(Records from a data collection)
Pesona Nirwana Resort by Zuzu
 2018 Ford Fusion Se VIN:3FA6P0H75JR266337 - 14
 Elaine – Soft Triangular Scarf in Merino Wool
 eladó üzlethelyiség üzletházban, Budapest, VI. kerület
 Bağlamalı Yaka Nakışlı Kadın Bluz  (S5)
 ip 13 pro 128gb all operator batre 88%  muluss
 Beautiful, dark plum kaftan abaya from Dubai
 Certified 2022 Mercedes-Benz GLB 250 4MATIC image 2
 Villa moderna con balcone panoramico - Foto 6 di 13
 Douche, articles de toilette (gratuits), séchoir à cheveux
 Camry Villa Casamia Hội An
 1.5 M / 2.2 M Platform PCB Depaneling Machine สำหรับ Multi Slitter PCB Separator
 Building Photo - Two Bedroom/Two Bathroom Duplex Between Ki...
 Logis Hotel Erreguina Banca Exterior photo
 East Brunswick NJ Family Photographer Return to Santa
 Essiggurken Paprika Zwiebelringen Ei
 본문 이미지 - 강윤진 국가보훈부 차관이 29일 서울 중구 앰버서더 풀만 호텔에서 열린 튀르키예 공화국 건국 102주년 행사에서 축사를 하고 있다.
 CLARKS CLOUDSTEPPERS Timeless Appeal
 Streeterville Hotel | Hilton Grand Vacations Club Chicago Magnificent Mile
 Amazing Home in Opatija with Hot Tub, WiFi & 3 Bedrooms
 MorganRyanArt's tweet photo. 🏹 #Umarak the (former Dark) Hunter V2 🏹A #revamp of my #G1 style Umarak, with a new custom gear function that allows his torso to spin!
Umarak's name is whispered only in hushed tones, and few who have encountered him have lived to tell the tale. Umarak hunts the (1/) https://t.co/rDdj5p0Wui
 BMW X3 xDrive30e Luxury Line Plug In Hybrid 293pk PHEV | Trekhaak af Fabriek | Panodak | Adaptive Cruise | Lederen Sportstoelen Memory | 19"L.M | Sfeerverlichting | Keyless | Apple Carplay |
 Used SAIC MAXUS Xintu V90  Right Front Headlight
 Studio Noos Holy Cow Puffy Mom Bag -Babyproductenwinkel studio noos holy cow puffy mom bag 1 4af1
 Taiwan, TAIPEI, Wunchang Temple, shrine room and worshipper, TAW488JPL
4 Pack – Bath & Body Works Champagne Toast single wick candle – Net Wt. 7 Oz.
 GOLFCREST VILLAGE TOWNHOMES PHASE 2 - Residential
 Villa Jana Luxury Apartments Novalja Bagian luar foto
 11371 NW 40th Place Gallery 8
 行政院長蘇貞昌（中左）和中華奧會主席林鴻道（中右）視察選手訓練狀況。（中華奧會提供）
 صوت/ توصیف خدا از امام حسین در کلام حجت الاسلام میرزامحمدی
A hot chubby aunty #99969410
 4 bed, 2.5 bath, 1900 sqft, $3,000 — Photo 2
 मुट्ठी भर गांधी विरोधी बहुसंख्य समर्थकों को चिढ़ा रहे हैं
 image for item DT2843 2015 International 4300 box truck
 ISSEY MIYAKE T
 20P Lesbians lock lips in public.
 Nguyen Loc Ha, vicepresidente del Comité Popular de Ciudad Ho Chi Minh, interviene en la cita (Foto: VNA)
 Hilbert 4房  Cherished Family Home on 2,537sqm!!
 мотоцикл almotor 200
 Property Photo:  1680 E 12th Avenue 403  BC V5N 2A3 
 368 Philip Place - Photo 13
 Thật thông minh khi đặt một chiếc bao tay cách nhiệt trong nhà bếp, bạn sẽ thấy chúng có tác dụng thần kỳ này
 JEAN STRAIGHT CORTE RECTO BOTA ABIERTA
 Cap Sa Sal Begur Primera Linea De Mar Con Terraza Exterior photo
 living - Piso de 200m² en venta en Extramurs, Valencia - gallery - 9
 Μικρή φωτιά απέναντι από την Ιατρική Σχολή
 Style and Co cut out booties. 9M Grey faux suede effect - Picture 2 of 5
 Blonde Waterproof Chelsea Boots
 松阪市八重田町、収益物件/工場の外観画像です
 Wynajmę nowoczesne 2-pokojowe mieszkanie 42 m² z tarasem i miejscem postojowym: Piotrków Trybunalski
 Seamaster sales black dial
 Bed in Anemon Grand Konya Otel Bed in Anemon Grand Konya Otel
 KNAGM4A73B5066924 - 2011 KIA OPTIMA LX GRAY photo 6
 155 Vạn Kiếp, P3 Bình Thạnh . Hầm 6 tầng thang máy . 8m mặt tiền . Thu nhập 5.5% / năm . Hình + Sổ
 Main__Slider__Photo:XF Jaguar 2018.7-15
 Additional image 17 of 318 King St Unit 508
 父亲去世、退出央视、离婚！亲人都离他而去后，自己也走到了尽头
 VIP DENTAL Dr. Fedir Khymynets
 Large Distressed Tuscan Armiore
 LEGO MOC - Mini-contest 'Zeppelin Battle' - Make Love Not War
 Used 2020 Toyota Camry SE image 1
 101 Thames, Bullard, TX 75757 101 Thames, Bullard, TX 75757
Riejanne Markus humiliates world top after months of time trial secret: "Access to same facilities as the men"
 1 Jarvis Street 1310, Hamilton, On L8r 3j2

What to produce:
Could you please retype the lines from the start of the data through the line with "Building Photo - Two", both included, and nothing else?

Solution below:
Pesona Nirwana Resort by Zuzu
 2018 Ford Fusion Se VIN:3FA6P0H75JR266337 - 14
 Elaine – Soft Triangular Scarf in Merino Wool
 eladó üzlethelyiség üzletházban, Budapest, VI. kerület
 Bağlamalı Yaka Nakışlı Kadın Bluz  (S5)
 ip 13 pro 128gb all operator batre 88%  muluss
 Beautiful, dark plum kaftan abaya from Dubai
 Certified 2022 Mercedes-Benz GLB 250 4MATIC image 2
 Villa moderna con balcone panoramico - Foto 6 di 13
 Douche, articles de toilette (gratuits), séchoir à cheveux
 Camry Villa Casamia Hội An
 1.5 M / 2.2 M Platform PCB Depaneling Machine สำหรับ Multi Slitter PCB Separator
 Building Photo - Two Bedroom/Two Bathroom Duplex Between Ki...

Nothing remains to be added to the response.